The ask isn’t the first time the parent company, California-based FAT Brands Inc., has faced major financial trouble or put its subsidiaries Fazoli’s, Johnny Rockets, Twin Peaks and others at potential risk.

In an acceleration notice filed with the Securities and Exchange Commission Nov. 17, UMB Bank demanded immediate payment of approximately $1.3 billion in FAT Brands’ bond debt.

The company does not have the cash on hand to begin to pay down the loans immediately, it said in the SEC filing. More action by the lenders, they said in the filing with the government agency responsible for regulating stocks and bonds, could push the company even closer to bankruptcy or its subsidiaries to reorganization.

Fazoli’s, one of FAT Brands’ restaurant chains, was founded in Lexington as Gratzi’s in 1988 and became known for its fast-casual dining experience and unlimited breadsticks.

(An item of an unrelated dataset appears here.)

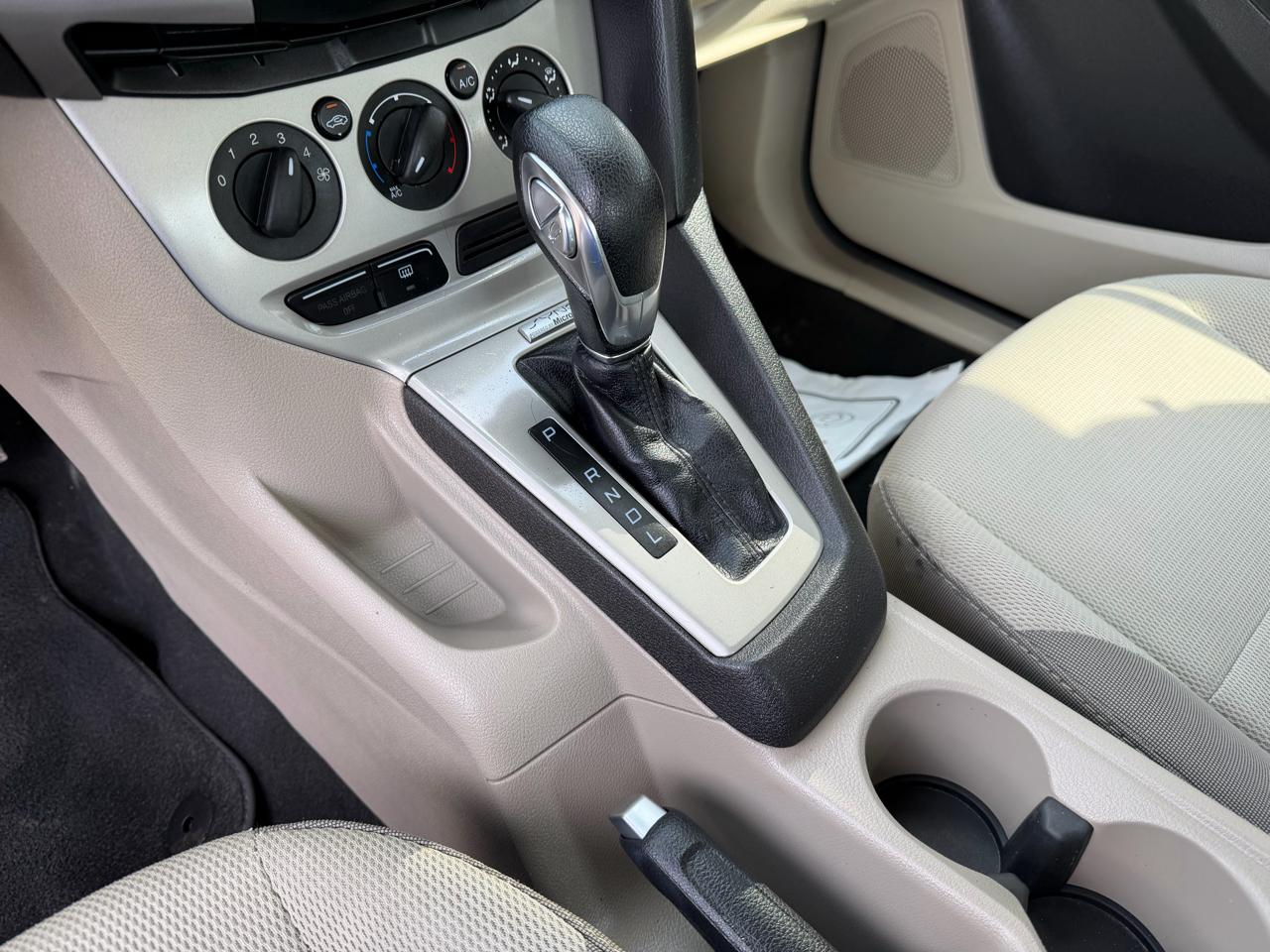 Ford Focus SE Sedan 2013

Breadsticks from Fazoli’s, which started in Lexington, Ky. in 1988.

There are more than 200 locations across 28 states, though its headquarters is still in Lexington on Palumbo Drive. In November 2021, FAT Brands, which is publicly traded on the Nasdaq Capital Market under the ticker FAT, acquired the Italian chain for $130 million.

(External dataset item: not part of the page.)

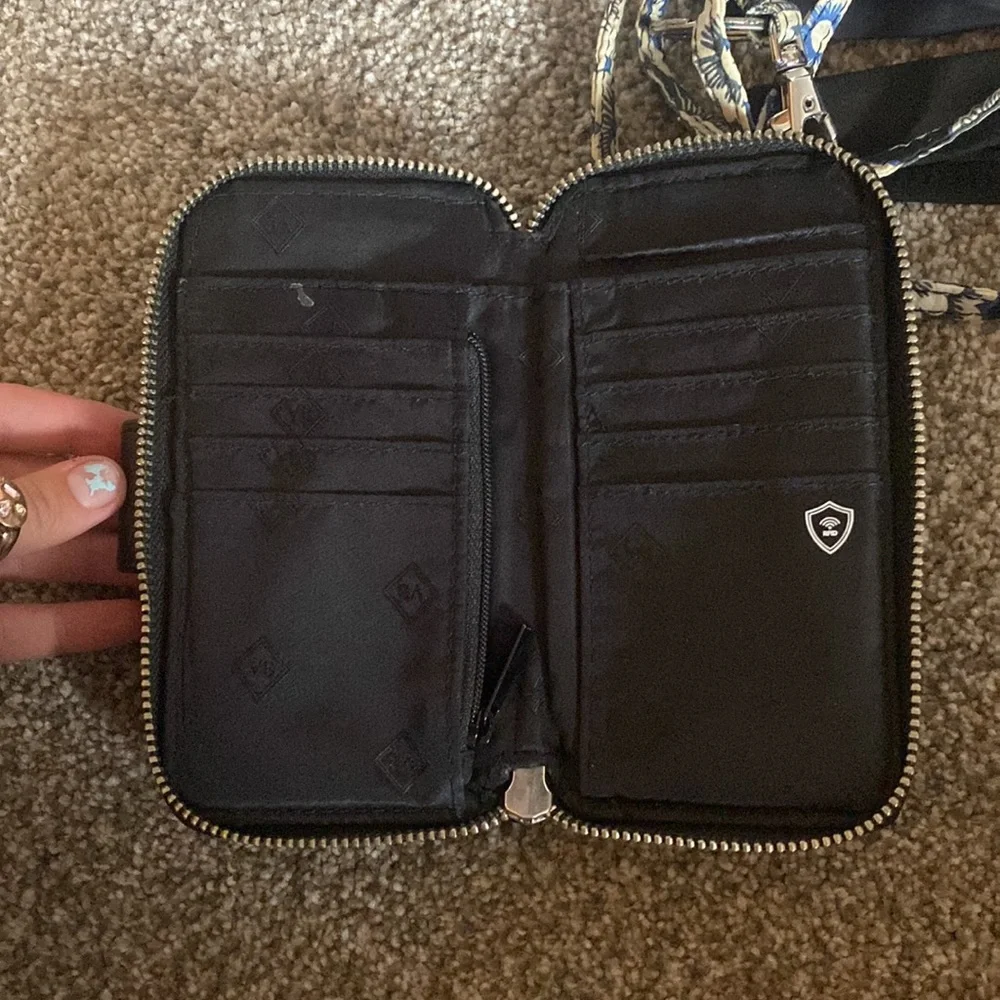 Vera Bradley wallet - Picture 3 of 4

Martin Sherrod, left and Clint Sherrod of the Sherrod Sign Company change the sign on Gratzi’s, on North Broadway in Lexington, to it’s new name, Fazoli’s, February 10, 1989. The companies first Italian fast-food first restaurant on North Broadway near the Interstate 75-64 interchange, had been operated by Jerrico under the Gratzi’s name since September 1988. But surveys of potential customers showed that they kept confusing “Gratzi’s” – taken from the Italian word for “thank you” – with the name of Canadian-born hockey player Wayne Gretzky, said Robert L. Sirkis, Jerrico’s executive vice president. After hiring three naming firms and looking at tens of thousands of names, Jerrico decided to replace Gratzi’s with Fazoli’s. Which means . . . nothing. “It is completely made up,” Sirkis said. The company, still based in Lexington, currently operates 217 restaurants in 26 states. Photo by Clay Owen | staff

In a statement to the Herald-Leader, FAT Brands Inc.’s Senior Director of Corporate Communications Erin Mandzik said the company was “actively engaged in constructive negotiations with our bondholders to address the restructuring of our debt to strengthen FAT Brands’ balance sheet.”

“Throughout these discussions, we remain focused on the day-to-day operations of the brands and the continued success of our portfolio and franchise partners,” Mandzik said.

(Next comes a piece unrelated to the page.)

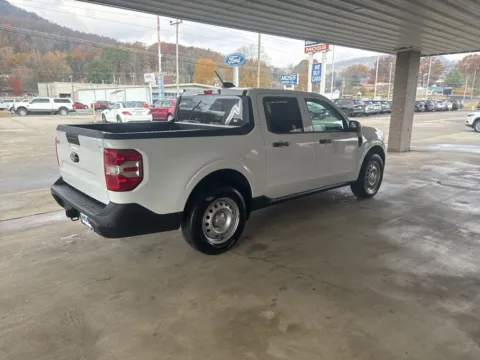 More photos of 2025 Ford Maverick XL at Moss Motor Company, TN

In the company’s most recent earnings call Nov. 5, a presentation for shareholders said the brand’s end of year focus would be on maintaining strong liquidity, continuing to build asset value for debt reduction and re-franchise nearly 60 company-owned Fazoli’s restaurants.

Fazoli’s, 1842 Alysheba Way, in Lexington, Ky. The Lexington-Fayette County Health Department recently added 29 locations to their probation list.

The payment demand, according to the SEC filing, comes after FAT Brands defaulted on debt issued to five of its subsidiaries last month.

Since then, the filing said FAT has been in discussions with lenders about one or more potential transactions involving refinancing, restructuring or other securitization, a process that puts various assets together then repackages them as stocks or bonds for sale in the hopes it will raise money.

Acquiring Fazoli’s and a number of other chains between 2019 and 2021 made FAT Brands begin to accrue significant debt. In 2024, the company began trying to reduce its debt without borrowing more money by filing for an initial public offering for one of its subsidiaries.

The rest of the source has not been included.